_Work item_. Go through the listing below and retype exactly the lines starting at the one with "Room - Cozy" and ending at the one with "Mercedes-Benz E-Класс E", skipping pictures.
─── Supplied data ───
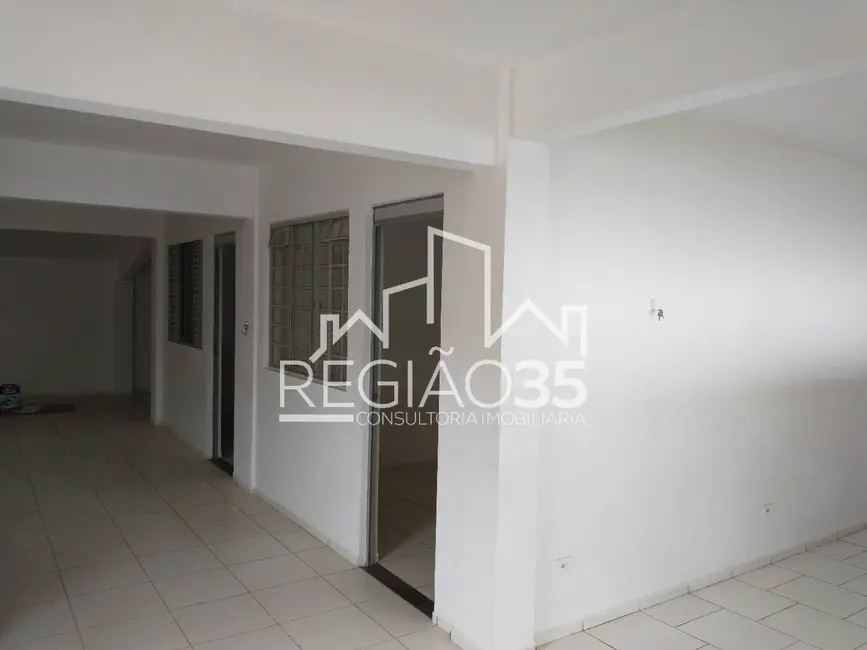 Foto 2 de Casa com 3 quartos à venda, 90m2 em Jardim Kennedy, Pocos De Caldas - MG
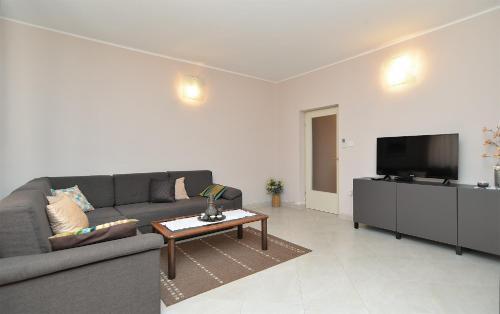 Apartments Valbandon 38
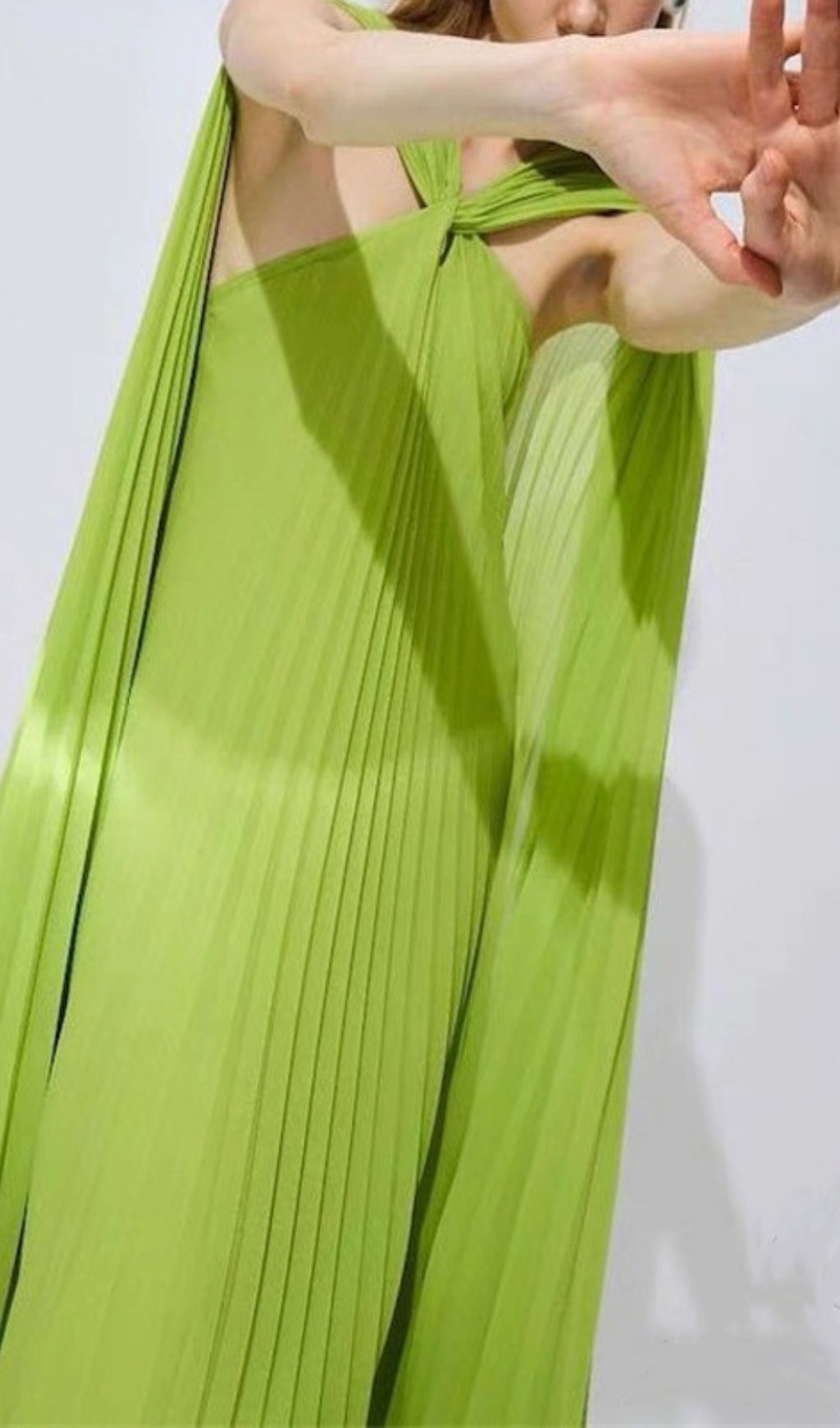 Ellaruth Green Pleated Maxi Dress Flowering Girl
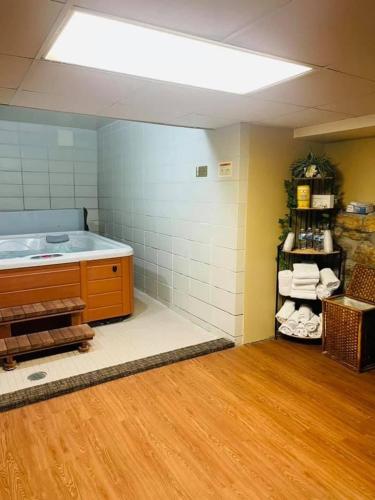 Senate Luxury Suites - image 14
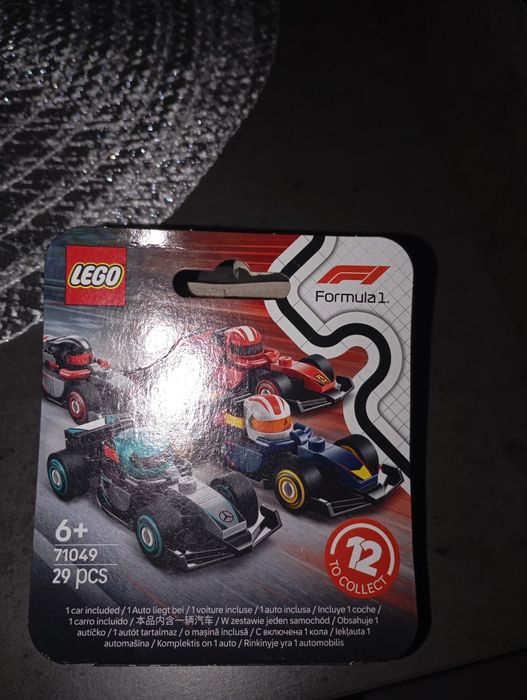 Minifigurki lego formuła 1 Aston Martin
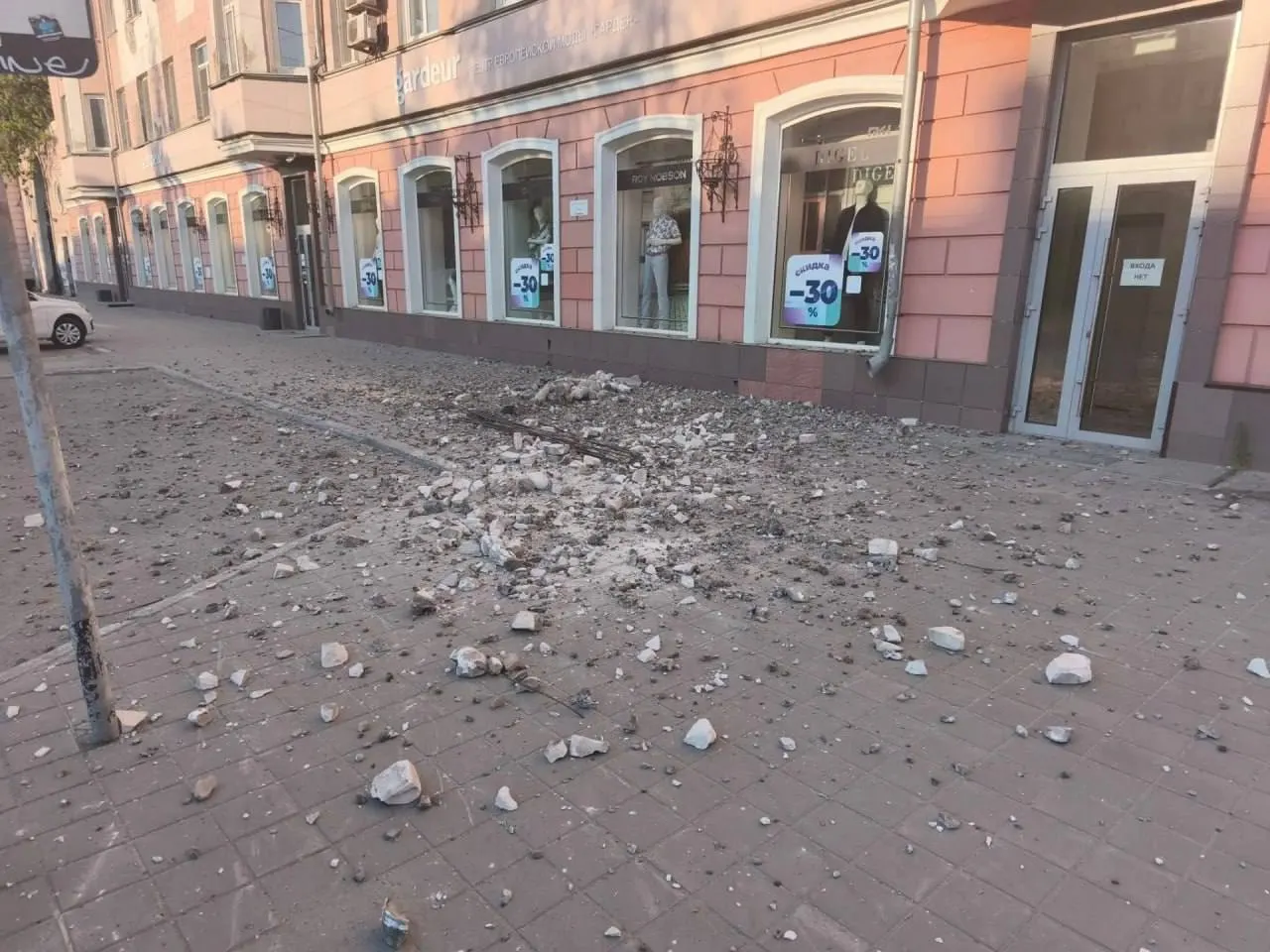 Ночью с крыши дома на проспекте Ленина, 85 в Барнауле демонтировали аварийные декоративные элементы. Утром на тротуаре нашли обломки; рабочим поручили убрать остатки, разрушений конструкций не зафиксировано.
───
─── Supplied data ───
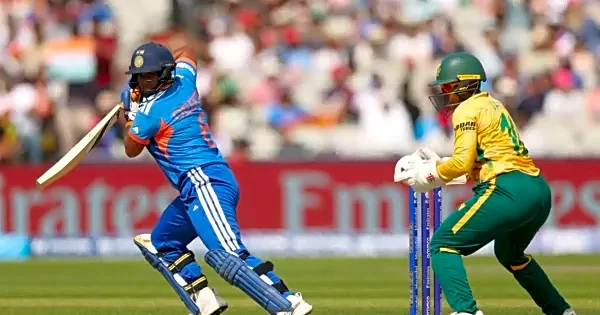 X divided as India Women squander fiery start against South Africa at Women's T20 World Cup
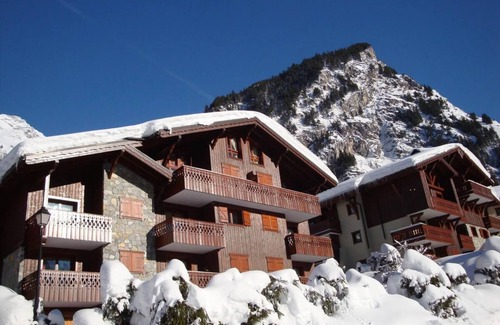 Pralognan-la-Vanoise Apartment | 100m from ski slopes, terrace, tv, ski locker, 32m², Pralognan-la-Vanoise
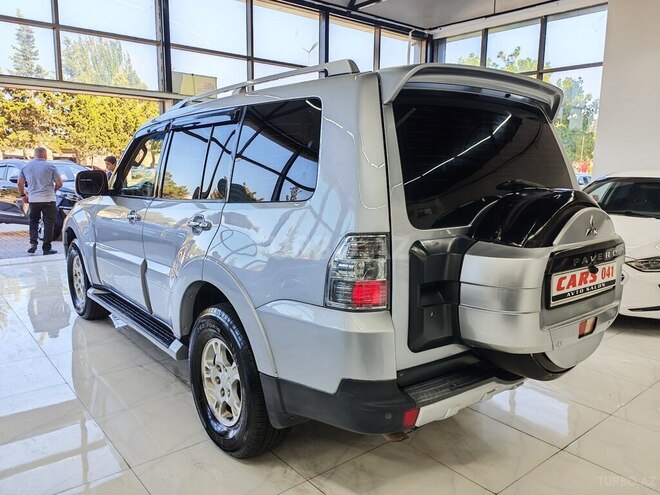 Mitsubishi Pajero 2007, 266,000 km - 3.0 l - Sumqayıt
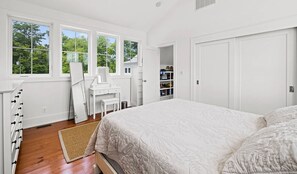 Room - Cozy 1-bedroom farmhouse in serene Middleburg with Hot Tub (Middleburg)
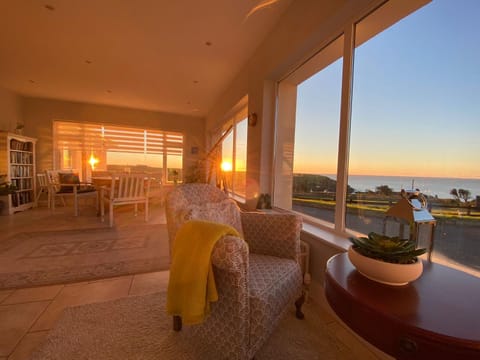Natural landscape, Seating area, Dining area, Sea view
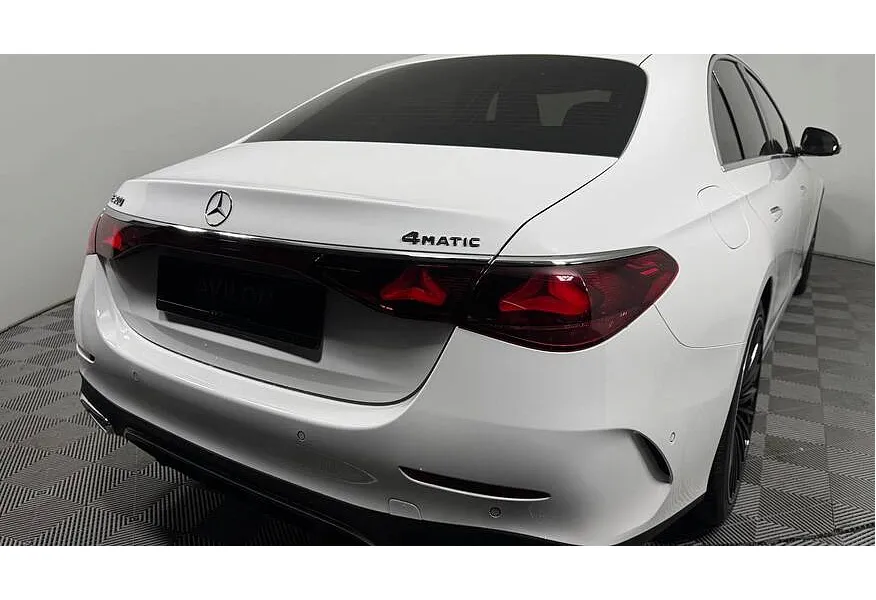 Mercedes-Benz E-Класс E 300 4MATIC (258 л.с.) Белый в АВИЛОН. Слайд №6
───
─── Supplied data ───
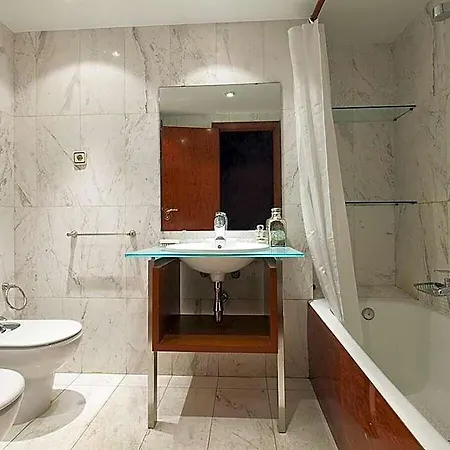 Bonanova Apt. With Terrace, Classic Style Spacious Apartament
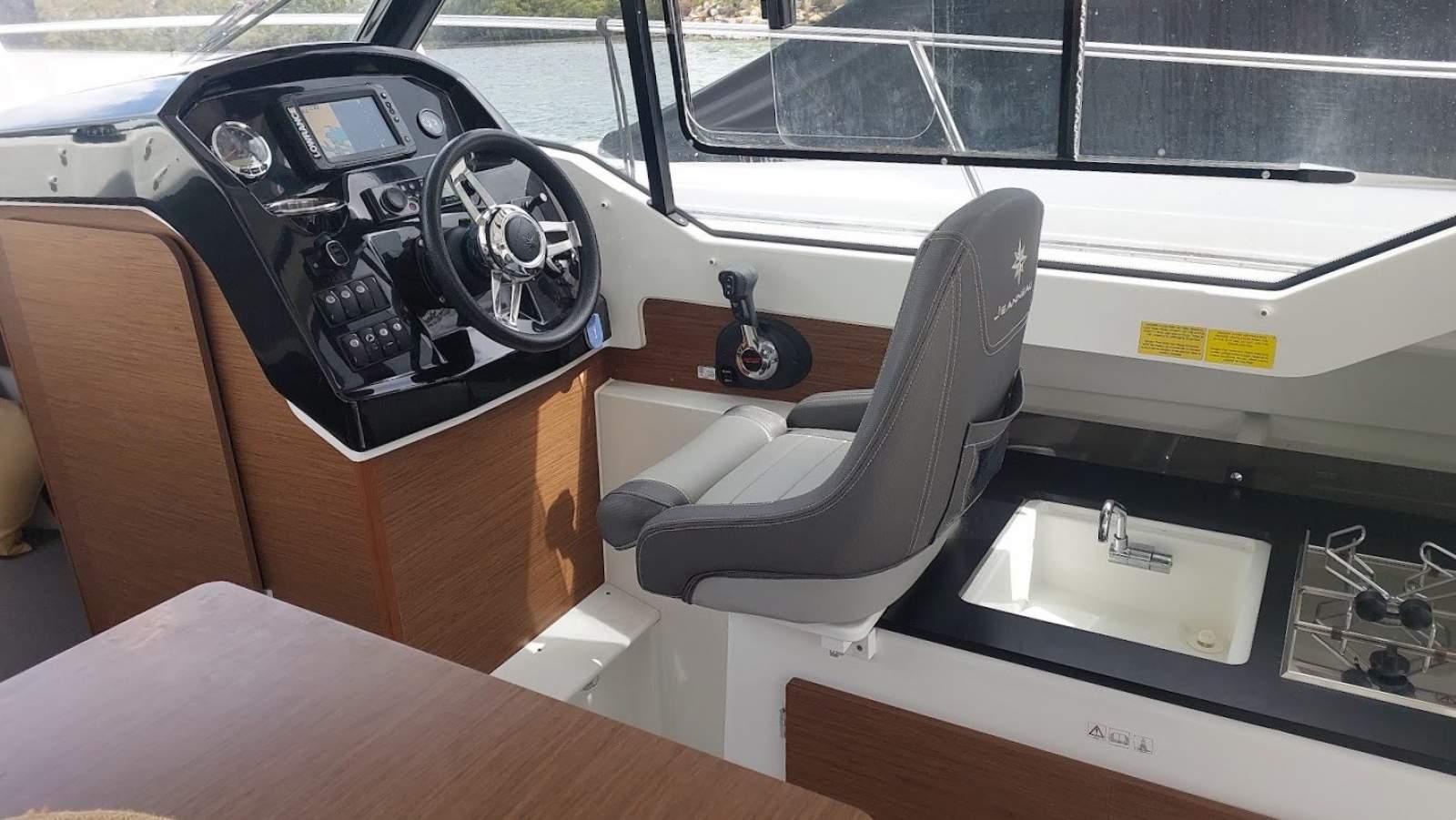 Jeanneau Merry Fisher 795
───
_Task solution_.
 Room - Cozy 1-bedroom farmhouse in serene Middleburg with Hot Tub (Middleburg)
Natural landscape, Seating area, Dining area, Sea view
 Mercedes-Benz E-Класс E 300 4MATIC (258 л.с.) Белый в АВИЛОН. Слайд №6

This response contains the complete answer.